In North Carolina, robbery is considered a theft where there is a victim involved. The state puts robbery into three different categories: with a deadly weapon, train, and common law. All of these crimes are felonies. Robbery with a deadly weapon and train robbery are determined by state statute, but common law robbery is generally accepted in courts as someone taking another person’s property through the threat of force, intimidation, or actual violence.

Robberies with a dangerous weapon and train robberies are considered Class D felonies. If convicted, punishment for this type of felony for a person with no prior convictions can range from 51 to 64 months. All Class D felony convictions require an active punishment, meaning the defendant must serve a prison sentence. Those who aid and abet the commission of this crime are also subject to these penalties.

All robberies that fall under common law are considered Class G felonies. These felonies can be punished with an intermediate or active punishment between 10 to 13 months. Intermediate punishments requires supervised probation while the active punishment will result in prison time. Those with previous convictions may be subject to harsher penalties.

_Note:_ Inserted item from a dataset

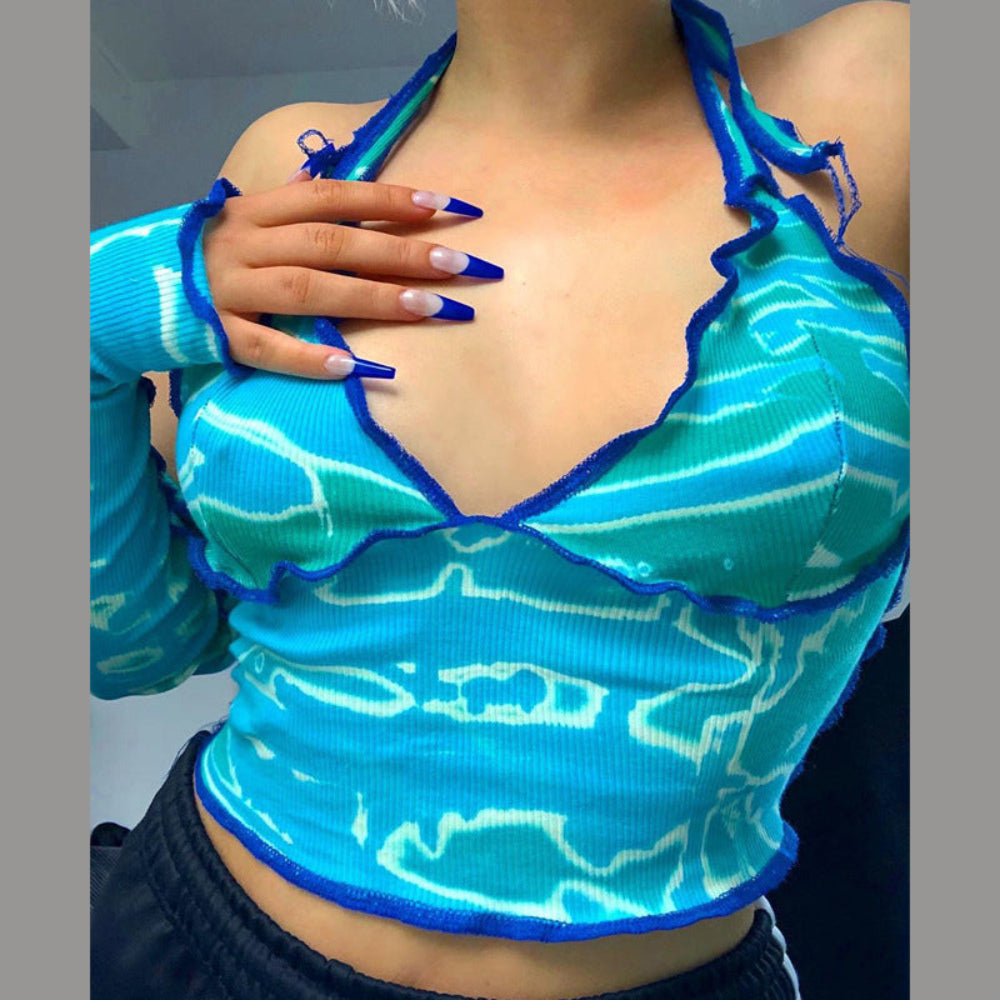 Close-up of a woman wearing a vibrant turquoise and blue ribbed knit halter crop top with white wave pattern, deep plunging neckline, and ruffled scalloped edges trimmed in blue. She has long blue and white French tip nails resting on her chest, paired with a matching long sleeve.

People accused of committing any type of robbery may benefit from representation from an attorney who practices criminal law as soon as possible. It’s the lawyer’s responsibility to make sure that the government upholds the constitutional rights of their client in regards to the collection of evidence, interrogations, and a variety of other factors. The attorney may then recommend a strategy based on the strength of the government’s case. While going to trial is an option, it may be in the best interest of the client to make a plea agreement with the state government.